With ever increasing development pressures across our three counties, we have to ensure that wildlife and ecological networks are fully considered within the planning system.
Inappropriate development can have a significant impact on wildlife, while sympathetic planning minimises harm and can help protect, enhance and even create new habitats, delivering valuable biodiversity enhancements. Our planning role is, therefore, about promoting positive outcomes as well as fighting potentially harmful proposals.

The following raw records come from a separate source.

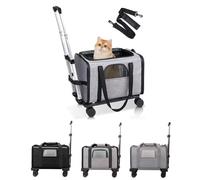 Cryfokt Bolsa con Ruedas para Mascotas Transportín con Ruedas Portátil de Primera Calidad para Perros Pequeños Gatos Cómodo Transportín de Viaje para Mascotas con Asa Telescópica y Correa para el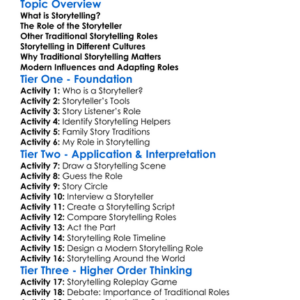 Traditional Storytelling Roles Worksheet Activity Booklet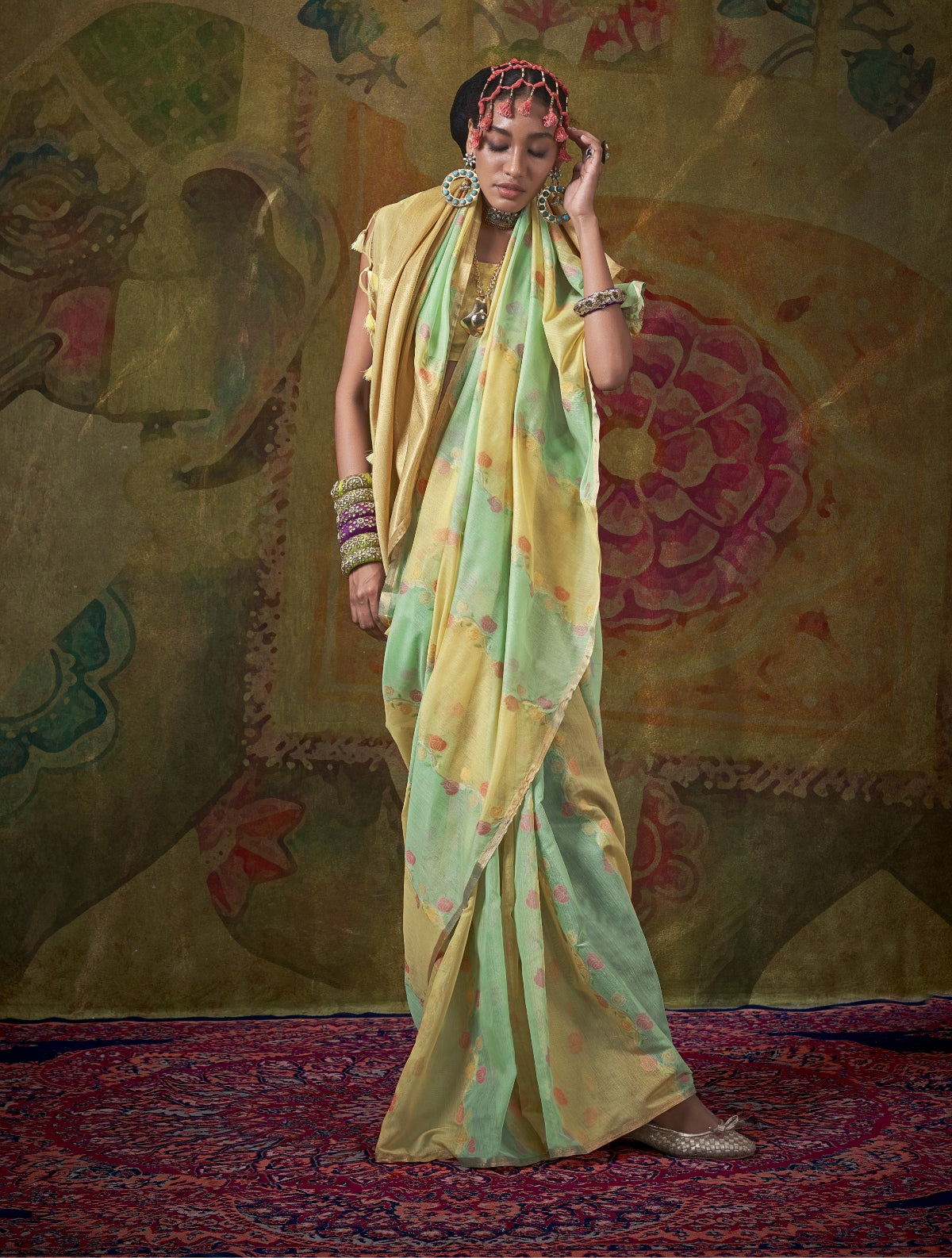 Buy Olive Banarasi Silk Saree Online-Story
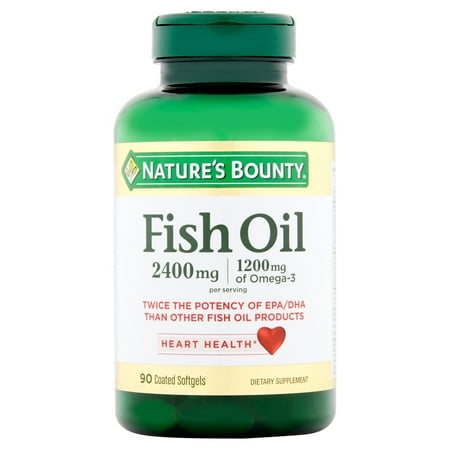 - Nature's Bounty Fish Oil Omega-3 Softgels, 2400 Mg + 1200 Mg Omega-3, 90 Ct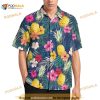 Tropical Pineapple Hibicus Floral Prints Summer Hawaiian Shirt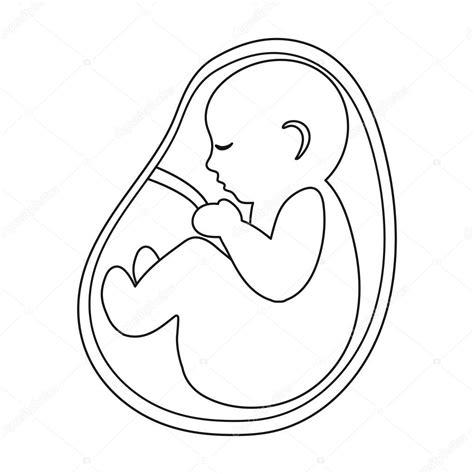 Icono de feto en estilo de contorno aislado sobre fondo: Aprender a Dibujar Fácil, dibujos de Un Feto, como dibujar Un Feto para colorear e imprimir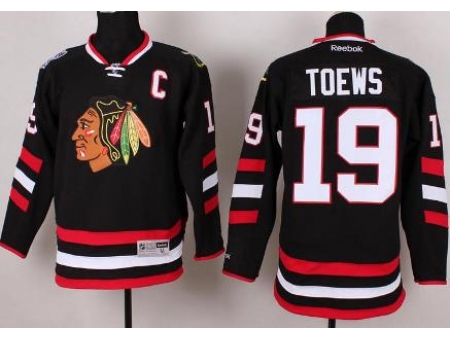 Chicago Blackhawks 19 Jonathan Toews Black 2014 Stadium Series NHL Jersey C PATCH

BBOWT gives wildlife a voice by:
- responding to strategic planning consultations, such as Local Plans, ensuring appropriate policies are in place,
- commenting on planning applications where there is potential for significant impacts on wildlife, or where there is significant opportunity to make gains for wildlife,
- providing advice to, and/or consulting with, local planning authorities, developers and their consultants, other NGOs and statutory agencies,
- providing advice to members of the public.
What BBOWT does
BBOWT responds to a selection of key planning applications and policy documents. Unfortunately, we do not have the resources to respond to every planning application that may affect wildlife in the three counties. The Trust has, therefore, adopted a strategic approach to allow efficient use of limited resources focusing on applications that impact on designated sites or the Trust’s nature reserves, selected large applications involving hundreds or thousands of homes, large-scale infrastructure/development projects, and Local Plans.
BBOWT also works in partnership with other national and local organisations in the three counties to develop strategies and systems that help in making the case for wildlife in planning.
What the public can do
Note: we are updating our range of Guidance Notes about planning. The new versions will be available soon. In the meantime, you may find the document links below useful.
What developers and planners can do
Developers and planners may, in particular, find the Biodiversity and Planning guidance documents useful (see links below). These are aimed at planners, developers and environmental consultants, and were produced by BBOWT in association with county councils, environmental records centres and Natural England.
The guidance documents map out local biodiversity, and combine planning policy and legislation with information on local wildlife. This will help to identify when, how and where biodiversity should be protected and enhanced by the planning system.
The Homes for People and Wildlife document sets out how housing can be built in a nature-friendly way and ensure that biodiversity forms an integral part of developments.